### Stored records
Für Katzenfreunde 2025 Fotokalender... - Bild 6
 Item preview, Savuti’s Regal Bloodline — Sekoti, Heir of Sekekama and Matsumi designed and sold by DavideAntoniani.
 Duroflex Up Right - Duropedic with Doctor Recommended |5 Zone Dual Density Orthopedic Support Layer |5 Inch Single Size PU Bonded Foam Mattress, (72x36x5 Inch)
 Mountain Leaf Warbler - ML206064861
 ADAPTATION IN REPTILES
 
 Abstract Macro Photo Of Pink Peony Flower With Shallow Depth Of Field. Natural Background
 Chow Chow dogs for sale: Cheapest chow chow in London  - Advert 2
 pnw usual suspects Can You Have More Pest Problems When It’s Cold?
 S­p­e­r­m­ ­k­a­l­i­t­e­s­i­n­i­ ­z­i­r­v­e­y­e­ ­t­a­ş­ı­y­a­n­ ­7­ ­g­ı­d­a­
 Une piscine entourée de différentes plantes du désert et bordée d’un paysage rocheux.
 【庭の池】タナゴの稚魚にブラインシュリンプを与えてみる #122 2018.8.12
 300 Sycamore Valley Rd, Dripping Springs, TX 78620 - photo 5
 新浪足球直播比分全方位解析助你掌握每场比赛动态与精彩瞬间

### Exercise goal
Once the line with "pnw usual suspects" is located in the data above, repeat it and every later line through the end, exactly.

### Solution below
 pnw usual suspects Can You Have More Pest Problems When It’s Cold?
 S­p­e­r­m­ ­k­a­l­i­t­e­s­i­n­i­ ­z­i­r­v­e­y­e­ ­t­a­ş­ı­y­a­n­ ­7­ ­g­ı­d­a­
 Une piscine entourée de différentes plantes du désert et bordée d’un paysage rocheux.
 【庭の池】タナゴの稚魚にブラインシュリンプを与えてみる #122 2018.8.12
 300 Sycamore Valley Rd, Dripping Springs, TX 78620 - photo 5
 新浪足球直播比分全方位解析助你掌握每场比赛动态与精彩瞬间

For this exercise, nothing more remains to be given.